> **Exercise material**:
==========
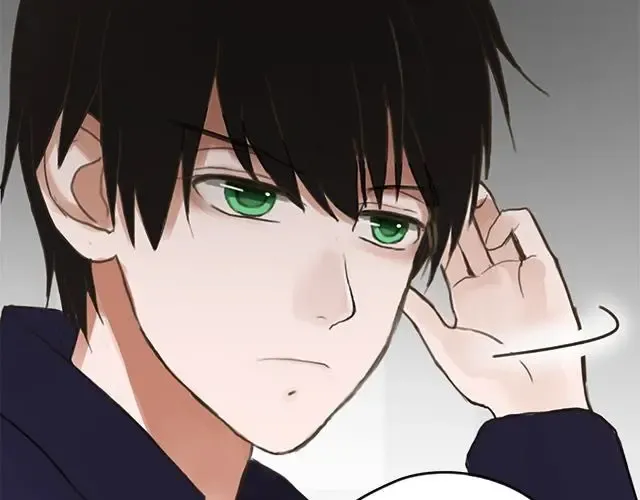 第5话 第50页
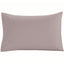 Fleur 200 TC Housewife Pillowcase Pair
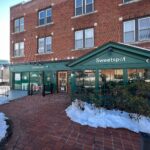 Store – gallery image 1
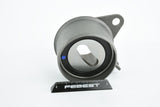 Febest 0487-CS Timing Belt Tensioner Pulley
==========
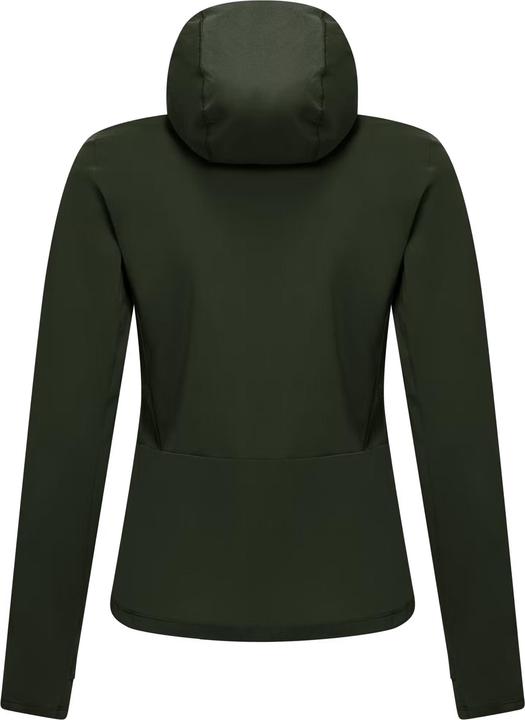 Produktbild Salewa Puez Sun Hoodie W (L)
==========
> **Task to complete**: Print exactly the lines above that run from the one with "Fleur 200 TC Housewife Pillowcase Pair" to the one with "Febest 0487-CS Timing Belt Tensioner Pulley", both included. No pictures.

> **Task solution**:
 Fleur 200 TC Housewife Pillowcase Pair
 Store – gallery image 1
 Febest 0487-CS Timing Belt Tensioner Pulley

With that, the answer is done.